_Work required:_
Without including any picture, copy the entries that follow word for word.
*** Opening Records for the task ***
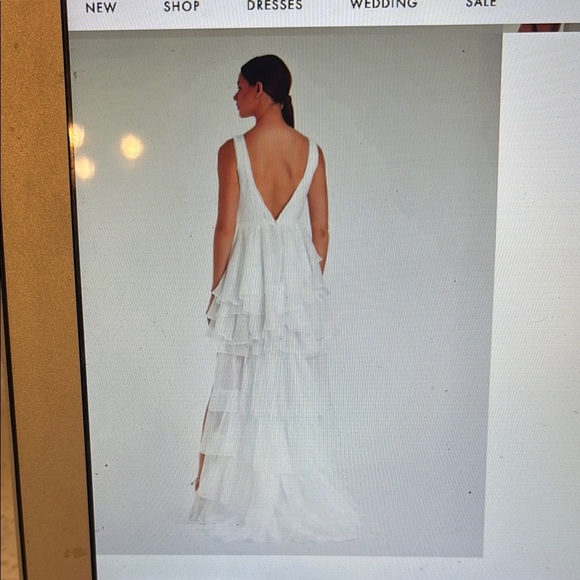 Mac Duggal White Ruffled A-line Wedding Dress - Picture 10 of 10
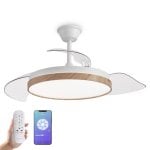 Ventilador de techo inteligente con aspas retráctiles, luz LED regulable, control por voz Alexa, función invierno/verano, TUYASMART y mando a distancia Ventilador de techo inteligente con aspas retráctiles, luz LED regulable, control por voz Alexa, función invierno/verano, TUYASMART y mando a distancia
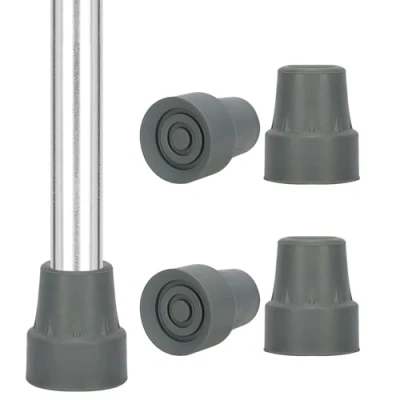 Immagine di supregear Punte in Gomma (Confezione da 4), 19 mm Antiscivolo con Inserti Metallo Accessori per Bastone Passeggio, Grigio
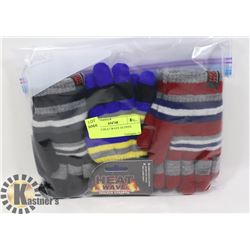 3PK KIDS HEAT WAVE GLOVES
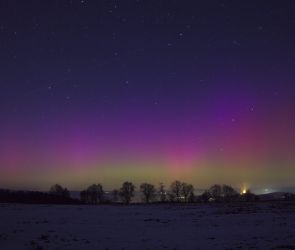Am 20.01.2026 war wieder mal Polarlicht-Alarm! Gegen 20.00 Uhr verzauberte dieses wunderbare Leuchten den Himmel &uuml;ber der Burgruine Murach (der auff&auml;llige Leuchtspot rechts neben den B&auml;umen)!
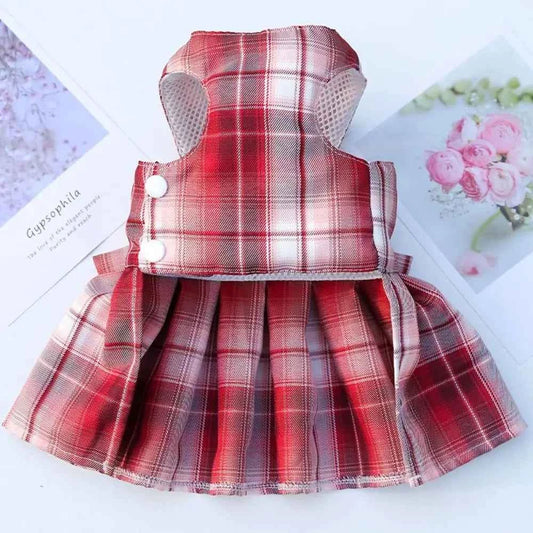 Reusable with Leash Traction Dog Plaid JK Dress Thin Dacron Pet Harness Skirt Adjustable Washable Dog Bow Skirt Rabbit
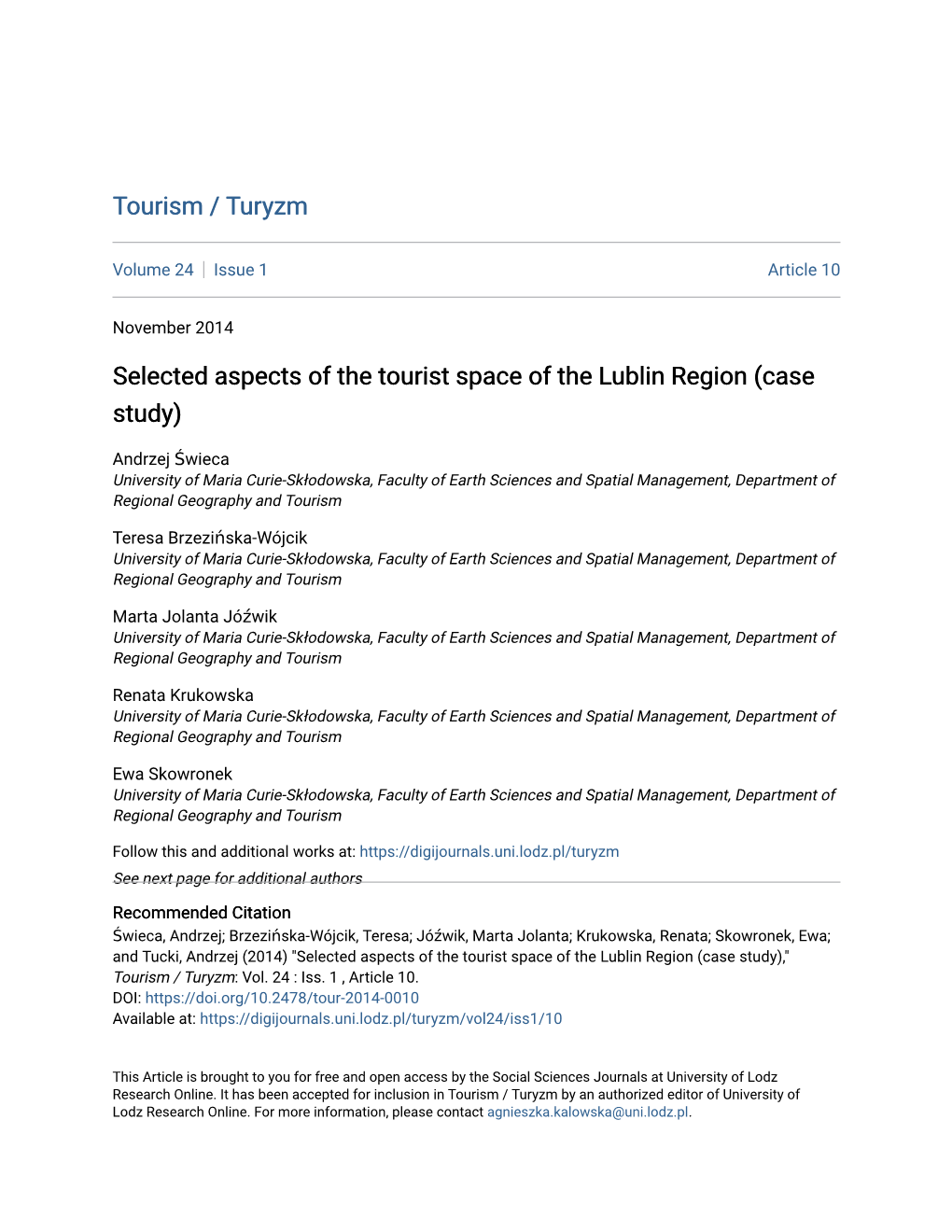 Selected Aspects of the Tourist Space of the Lublin Region (Case Study)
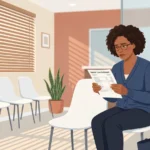 dental implant cost — woman sitting in clinic waiting room reviewing dental quote with concern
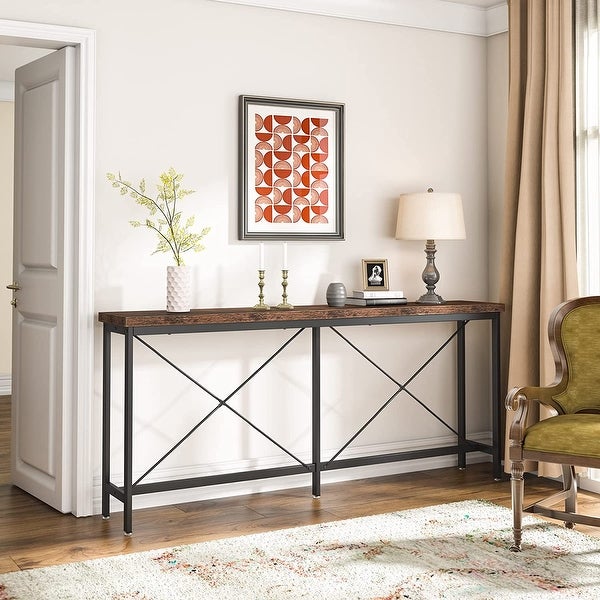 70.9'' Sofa Console Table Industrial Narrow Long Behind Couch Table for Living Room Hallway Entryway, Black Brown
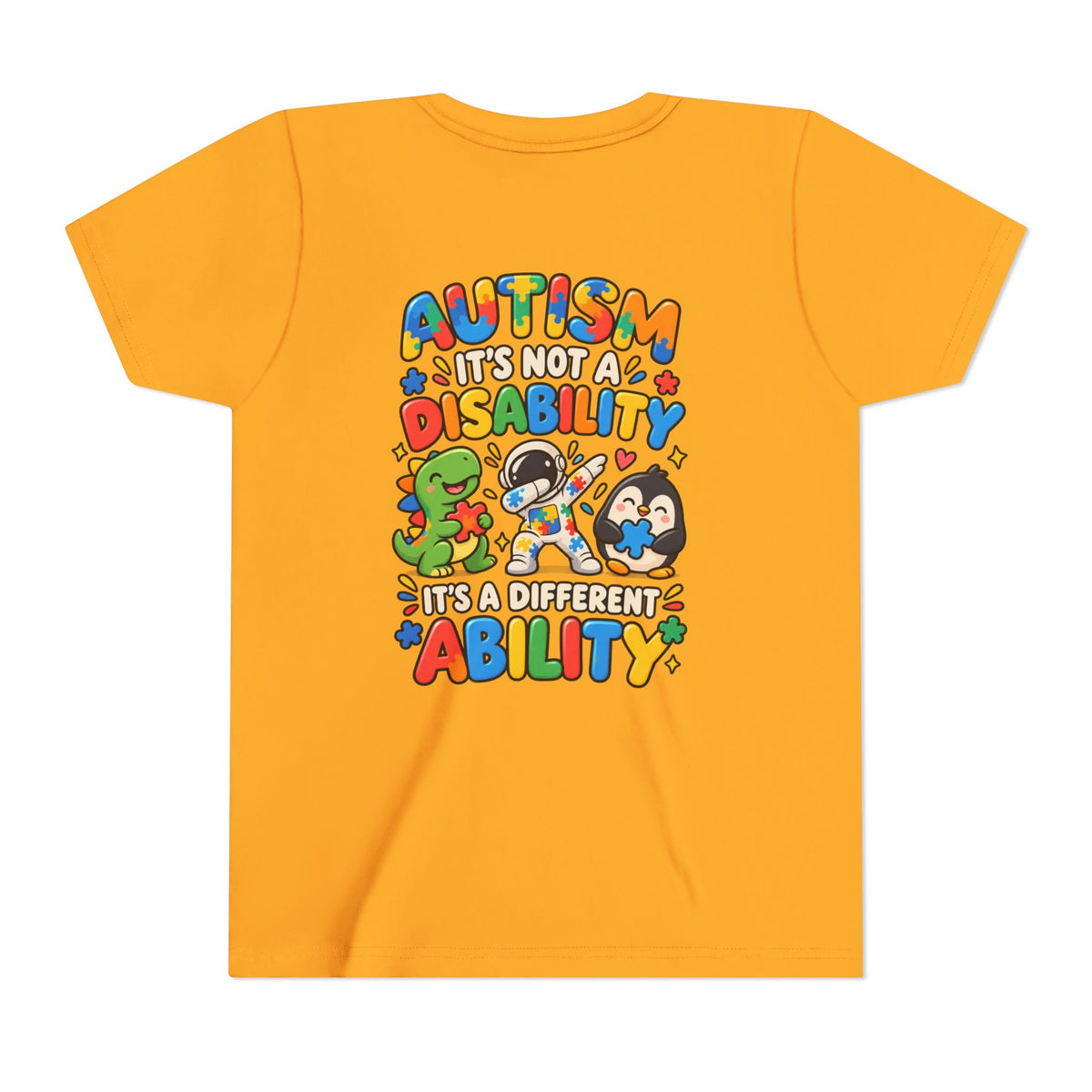 Youth Unisex "Autism It’s Not a Disability It’s a Different Ability" Short Sleeve Tee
*** Closing Records for the task ***
_Finished task:_
 Mac Duggal White Ruffled A-line Wedding Dress - Picture 10 of 10
 Ventilador de techo inteligente con aspas retráctiles, luz LED regulable, control por voz Alexa, función invierno/verano, TUYASMART y mando a distancia Ventilador de techo inteligente con aspas retráctiles, luz LED regulable, control por voz Alexa, función invierno/verano, TUYASMART y mando a distancia
 Immagine di supregear Punte in Gomma (Confezione da 4), 19 mm Antiscivolo con Inserti Metallo Accessori per Bastone Passeggio, Grigio
 3PK KIDS HEAT WAVE GLOVES
Am 20.01.2026 war wieder mal Polarlicht-Alarm! Gegen 20.00 Uhr verzauberte dieses wunderbare Leuchten den Himmel &uuml;ber der Burgruine Murach (der auff&auml;llige Leuchtspot rechts neben den B&auml;umen)!
 Reusable with Leash Traction Dog Plaid JK Dress Thin Dacron Pet Harness Skirt Adjustable Washable Dog Bow Skirt Rabbit
 Selected Aspects of the Tourist Space of the Lublin Region (Case Study)
 dental implant cost — woman sitting in clinic waiting room reviewing dental quote with concern
 70.9'' Sofa Console Table Industrial Narrow Long Behind Couch Table for Living Room Hallway Entryway, Black Brown
 Youth Unisex "Autism It’s Not a Disability It’s a Different Ability" Short Sleeve Tee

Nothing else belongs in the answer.